Thursday 27 August 2015

Agip, Arco gas contract crisis deepens over $77m price variation


The Managing Director of the Nigerian Agip Oil Company Limited (NAOCL), Mr. Insula Massimo. PHOTO: Photo by AFOLABI SOTUNDE/REUTERS
The Managing Director of the Nigerian Agip Oil Company Limited (NAOCL), Mr. Insula Massimo.
THE last may not have been heard about the controversies surrounding the multi-billion dollar contract for the maintenance of Nigerian Agip Oil Company, NAOC’s OBOB/Kwale/Ebocha gas plant.
Indeed, Agip and the indigenous oil service company, Arco Petrochemical Engineering Company Plc, among others, have continued to lock horns on the need to follow due process in the approval of the contract, while the cost of the project remains a bone of contention.

The price variation of about $77million per year has been another source of worry to the aggrieved party, which estimated that this sum translated to an excess charge of $231million since January 2012.
It was alleged that Platgeria had submitted a $10million bid, where GE had been executing the same job for $87million, indicating a price parity of $77 million. Meanwhile, Arco had offered to carry out the same maintenance for six months at the rate of $37million per year.
The gas plant is reputed as the Eastern hub for gas supply in Nigeria, since the plat supplies gas to the Nigeria LNG, Eleme Petrochemicals and the Omoku power plants.
Already, Agip is being accused of flouting court order to maintain status quo on the contentious interim contract for the maintenance of Agip’s OBOB/Kwale/Ebocha gas plant, pending the award of substantive contract for a four – year contract by the NNPC/Agip joint venture.
The Italian company also allegedly took advantage of a leeway in venture agreements to unilaterally offer the job to Platgeria Company Limited, even when the board of the Nigerian National Petroleum Corporation, NNPC had not met to approve the new contract.

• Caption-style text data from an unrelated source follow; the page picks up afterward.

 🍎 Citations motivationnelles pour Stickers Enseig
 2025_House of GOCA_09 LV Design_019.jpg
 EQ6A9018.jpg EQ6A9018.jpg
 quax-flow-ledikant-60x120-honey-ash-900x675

Relationship between Agip and Arco went sour when the former refused to renew an interim contract for the Nigerian company, upon the expiration of the existing contract for the maintenance of the gas turbines in the Agip plant.
Arco had been a sub-contractor to the project since 2006, when the Board of the NNPC awarded a five year contract ending in 2011 to the duo of then Nuovo Pignone, now GE, and Arco as the local technical partner.

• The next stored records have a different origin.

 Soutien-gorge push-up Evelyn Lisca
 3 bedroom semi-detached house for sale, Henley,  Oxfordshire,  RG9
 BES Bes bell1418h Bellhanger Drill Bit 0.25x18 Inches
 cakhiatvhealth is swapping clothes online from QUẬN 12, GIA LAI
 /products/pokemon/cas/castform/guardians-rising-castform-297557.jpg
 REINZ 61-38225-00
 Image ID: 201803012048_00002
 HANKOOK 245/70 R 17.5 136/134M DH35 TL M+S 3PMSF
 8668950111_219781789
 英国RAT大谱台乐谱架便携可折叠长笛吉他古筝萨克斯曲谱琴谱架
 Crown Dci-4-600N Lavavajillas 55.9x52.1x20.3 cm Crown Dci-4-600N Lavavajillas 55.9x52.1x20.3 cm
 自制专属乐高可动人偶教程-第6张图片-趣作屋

Apart from due process, Arco insists it has both the technical and commercial competence to handle the interim contract, which was also approved by the NNPC/NAPIMS in July 2013.
This is more so, as the Nigerian company was the one that maintained the gas plant satisfactorily for six months in the wake of the Niger Delta crisis when GE and other expatriates left the region.

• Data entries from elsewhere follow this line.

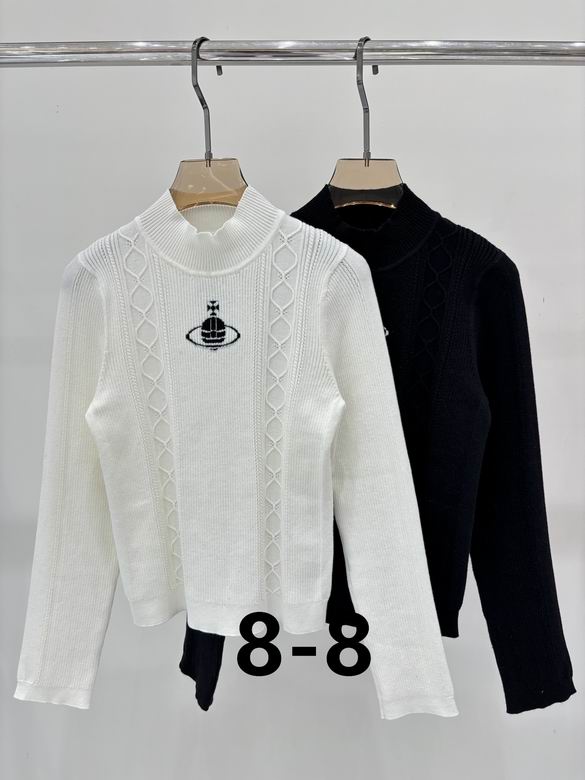 Vivienne WestWood S-XL 84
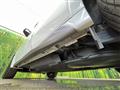 2024 Honda Honda Others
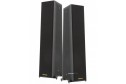 Sonus Faber Toy Tower Leather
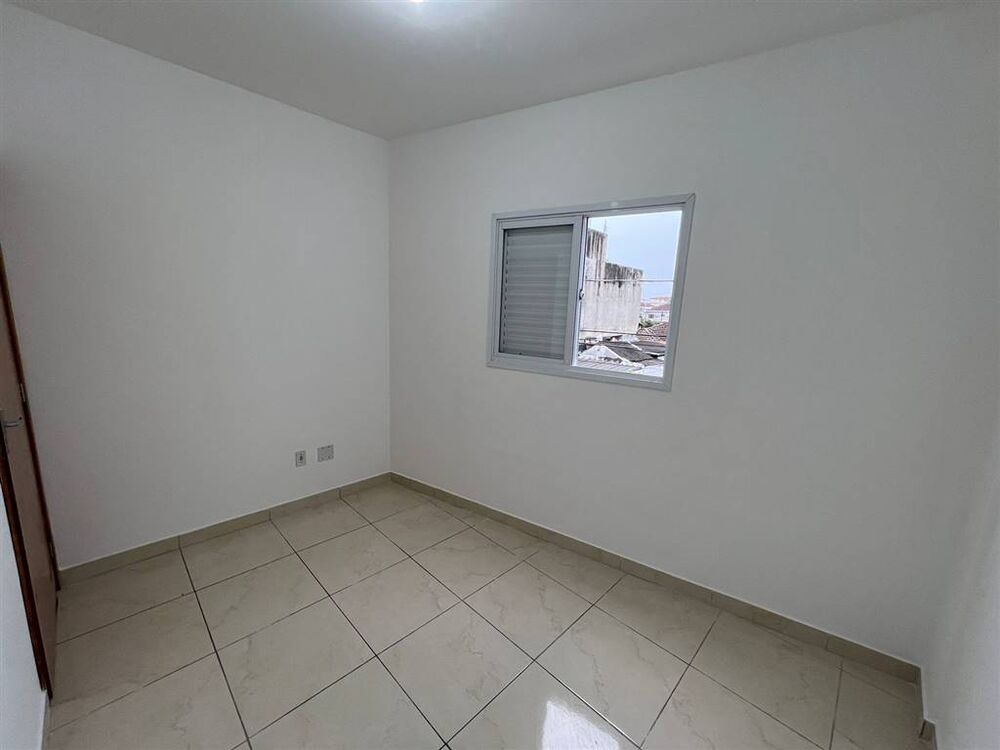 Apartamento à venda com 2 quartos, 55m² - Foto 4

But rather than awarding the contract to Arco, Agip awarded it to Plantgeria Company Ltd, which Agip insists offered the best commercial bid, even as it was said not to have been pre-qualified for the technical bid.
Agip however insisted it favoured Plantgeria for the project because the company offered the most cost effective bid.
“The tender papers were opened in the presence of DPR, NNPC/NAPIMS, NCDMB and the seven companies pre-qualified for the commercial process. So how can we not give the contract to the company that offered the best price.” It stated.
Arco, on its part said: “…at the peak of the Niger Delta crisis, NAPIMS directed the handing over of the plants to Arco for maintenance for six months at the rate of $37million per year.”
But “the job is currently being executed at the cost of $87 per year by GE with Arco as a sub-contractor,” it added, where Platgeria is said to have offered “to do the job at the cost of $10million per year.”
Arco therefore alleged that the effective cost of the stop-gap contract will be much higher than the $37million it quoted because of the offshore treaty between GE and ENI/NAOC.
Under this treaty, “GE will continue to maintain its positions of expatriate personnel in the plant,” and “will invoice directly to NAOC for these services,” which “facts are not disclosed to NAPIMS,” it claimed.
Against this backdrop, Arco queries the feasibility of Platgeria’s alleged $10million bid, where GE had been executing the same job for $87million.
It asked: “If $10million can realistically carry out the maintenance contract, the question therefore is what has been happening to the difference between GE’s US$87million annual cost and the proposed Plantgeria’s US$10million annual price quote?
“The whopping difference of the sum of US$77million per annum translates to an excess charge of $231million since January 2012!” this makes Arco to suspect that the new price might be “a strategy to bring Platgeria into the contract and NAOC will later change the terms to the status quo.”
However, an Agip source insisted it followed due process in the award of the contract.
He queried figures being bandied by Arco, asking, “Where did they get their figures, is Arco a member of NNPC Board?”
The source who spoke in confidence, said, “if we’re running foul of any law, the (Department of Petroleum Resources), DPR, (Nigerian Content Development Managing Board), NCDMB, and even NNPC/NAPIMS (National Petroleum Investment Management Services), would have punished us.”